→ Task item: Where a picture appears, skip it and copy everything else in the listing exactly.

→ Supplied information:
[Start of section]
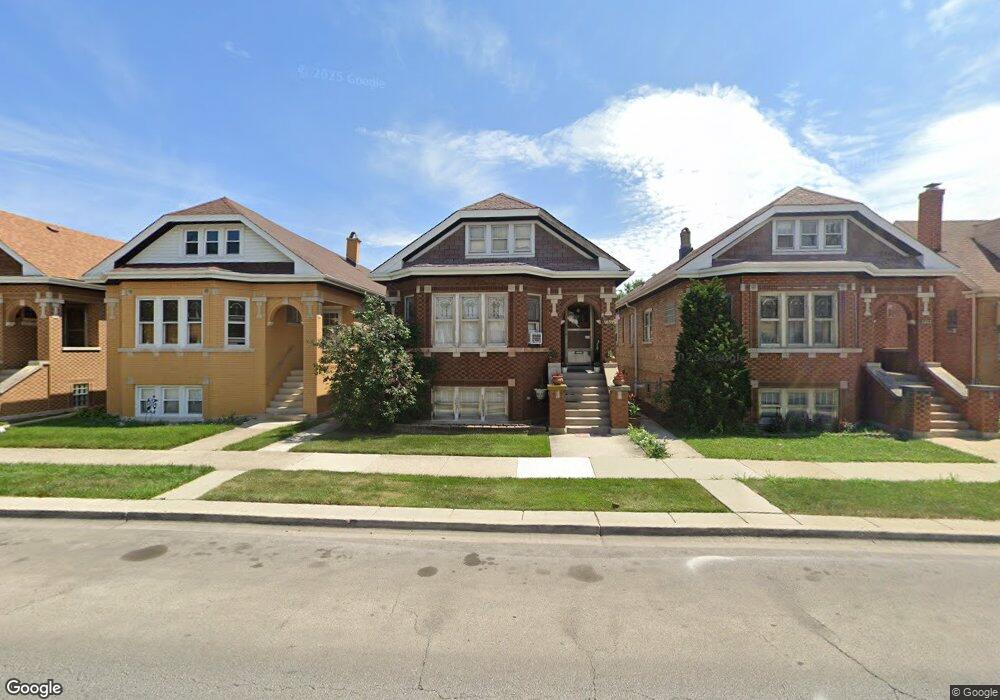 1639 East Ave, Berwyn, IL 60402 - photo 1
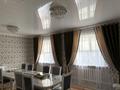 Отдельный дом · 4 комнаты · 100 м² · 10 сот., Мкр шугыла 116а за 23 млн ₸ в Кульсары — фото 3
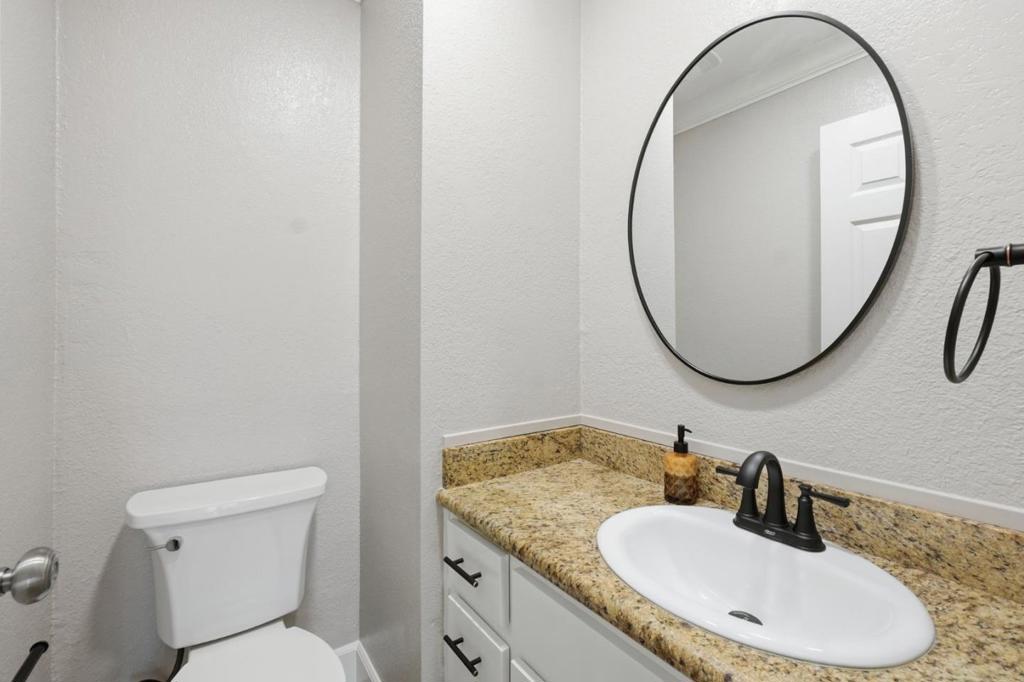 8105 Kern Avenue 28 Property Photo 18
[End of section]
→ Task solution:
 1639 East Ave, Berwyn, IL 60402 - photo 1
 Отдельный дом · 4 комнаты · 100 м² · 10 сот., Мкр шугыла 116а за 23 млн ₸ в Кульсары — фото 3
 8105 Kern Avenue 28 Property Photo 18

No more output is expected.